Sabía que la había besado solo para demostrar su argumento, no porque hubiera deseado hacerlo.

Y la había dejado con la impresión de que había desencadenado algo muy peligroso.

¡Por el amor de Dios! Todavía se estremecía en ciertos lugares de cuya existencia jamás se había percatado.

Y después llegó el asombroso descubrimiento de que era el heredero de un ducado. ¡Le había propuesto matrimonio a un futuro duque!

Eso significaba que posiblemente llegara a convertirse en duquesa algún día.

De hecho, se convertiría en vizcondesa en cuanto se casara y, aunque jamás había puesto un pie fuera de Throckbridge hasta que sucedió todo ese asunto, sería presentada a la reina y tendría que ocuparse de presentar en sociedad a Meg y a Kate.

Y el hombre que caminaba a su lado sería su marido.

Si la había besado de esa forma a plena luz del día junto al lago, ¿qué le haría cuando…? En fin.

Se tropezó con un terrón suelto, de modo que el vizconde le apretó con fuerza la mano que descansaba sobre su brazo al tiempo que la miraba… con los labios apretados como si semejante torpeza no fuera digna de su futura duquesa.

¿Qué iban a decir Meg, Kate y Stephen?

¿Qué iba a decir lady Lyngate?

¿¡Qué iba a decir su abuelo, el duque!?

¿Por qué había vuelto las tornas y le había pedido matrimonio él? Era lo que menos se esperaba, dadas las circunstancias. Había estado a punto de alejarse en busca de un rincón oscuro donde ocultarse, preferiblemente para siempre.

– Señora Dew -lo oyó decir cuando llegaron a la terraza, donde se detuvo para mirarla de nuevo-, todavía está a tiempo para cambiar de opinión. He notado su nerviosismo desde que nos alejamos del lago. ¿Quiere casarse conmigo o no?
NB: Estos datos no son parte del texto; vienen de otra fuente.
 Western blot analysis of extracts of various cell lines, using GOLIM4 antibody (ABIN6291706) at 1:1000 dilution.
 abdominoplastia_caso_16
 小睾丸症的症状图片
Le doy mi palabra de honor de que, sea cual sea su respuesta, no me casaré con ninguna de sus hermanas.

¡La oportunidad de retractarse!

Lo miró a los ojos y pensó (aunque no fuera al caso) que quienquiera que los hubiera hecho azules (¿Dios?) había sido muy astuto, ya que con su aspecto mediterráneo se esperaba que fuesen castaños.

Sí, quería casarse con él pese a todo. Pero…
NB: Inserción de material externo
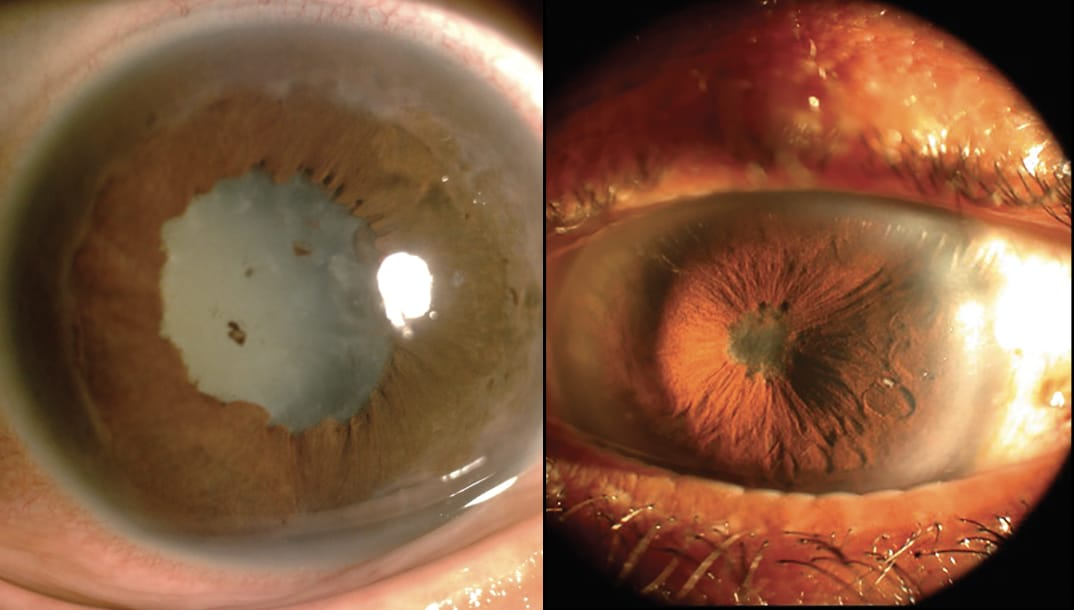 Uveitis Care – Uveitis Treatment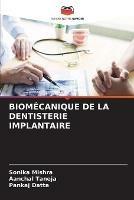Biomecanique de la Dentisterie Implantaire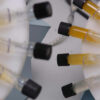 Cambridge researchers develop urine test that could detect lung cancer years earlier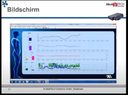 Webcast 19-05 Bio-/Neurofeedback - "Gleichgewicht und Bewegungsrehabilitation"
– ¿Usted quiere casarse conmigo? -le preguntó a su vez.

Lo oyó resoplar con fuerza al tiempo que apretaba los dientes.

– Señora -le soltó con brusquedad-, no es de buena educación contestar a una pregunta con otra. De todas formas, le contestaré. Le he pedido matrimonio. Por tanto, quiero casarme con usted. No soy un hombre que cambie de decisión de un momento para otro, señora Dew. Y ahora espero su respuesta.

¡Vaya!, pensó Vanessa. Un hombre acostumbrado a mandar. Una vez que se casara con él, tendría todo el derecho a mandar sobre ella y a avasallarla.
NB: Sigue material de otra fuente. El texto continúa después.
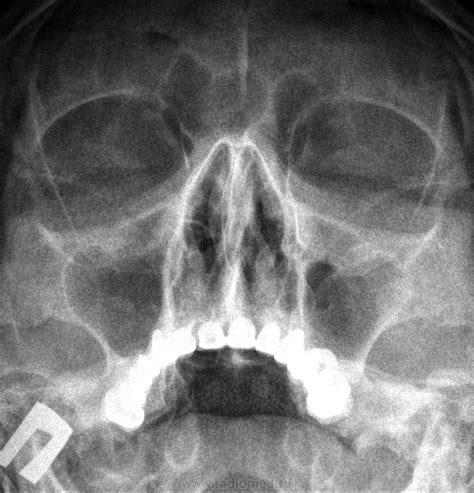 Систематический подход к рентгену пазух носа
En caso de que ella se lo permitiera, claro estaba.

– Por supuesto que quiero casarme con usted -contestó-. Yo fui la primera en proponérselo, ¿recuerda?

– Dudo mucho que logre olvidarlo algún día -replicó él.

Le hizo una reverencia al tiempo que le ofrecía de nuevo el brazo.

Vanessa rió entre dientes en contra de su voluntad.